- Born: 9 August 1995 Belgium
- Disappeared: 10 June 2006 (aged 10) Liège, Wallonia, Belgium
- Cause of death: murder
- Body discovered: 28 June 2006
- Parents: Didier Mahy (father); Catherine Dizier (mother);

= Murder of Nathalie Mahy and Stacy Lemmens =

Murder of Belgian step-sisters

Nathalie Mahy (9 August 1995 – c. 10 June 2006) and Stacy Lemmens (14 December 1998 – c. 10 June 2006) were two Belgian stepsisters who disappeared in the city of Liège on June 10, 2006, and were found murdered on June 28, 2006. The disappearance and subsequent finding of the murdered girls caused a commotion in Belgium, exacerbated by similarities to the paedophilic murders committed by Marc Dutroux in 1996.

==The family==
Nathalie Mahy was the daughter of Didier Mahy and Catherine Dizier. Stacy Lemmens was the daughter of Thierry Lemmens and Christiane Granziero.
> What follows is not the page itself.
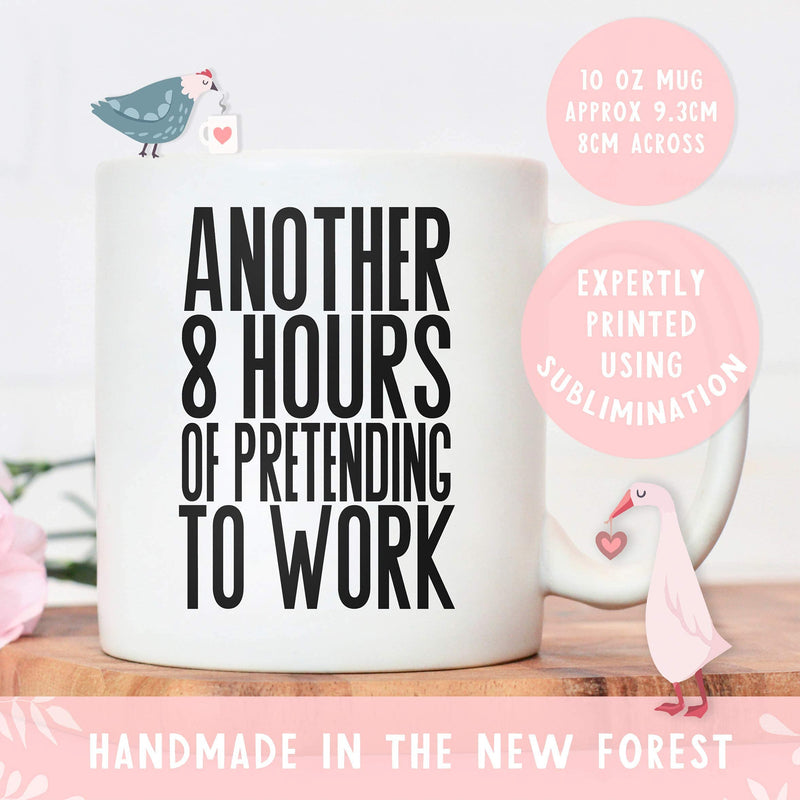 Pretending to work mug | colleague mugs | gifts for men or women | Another 8 hours of pretending to work secret Santa | funny novelty office cup present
Granziero had been found guilty of child neglect and was arrested on January 17, 2008, for drug trafficking.

==Disappearance==
On June 10, 2006, at 01:00, the two were playing outside the bar "Aux Armuriers" in the borough Saint-Léonard, while Catherine Dizier and her friend Thierry Lemmens were inside, reportedly drunk. Around 3 a.m., their disappearance was noticed and the police and Child Focus alerted.

==Investigation==
On June 13, the prime suspect, Abdallah Ait-Oud, turned himself in after seeing his photo on television. He denied having anything to do with the case and claimed to have an alibi. However, it was established that he was in the cafe that night. Moreover, he had a history of child abuse, for which he had been incarcerated. He was released in December 2005 from a mental hospital after raping two minors, one being his niece. He never admitted to his previous crimes.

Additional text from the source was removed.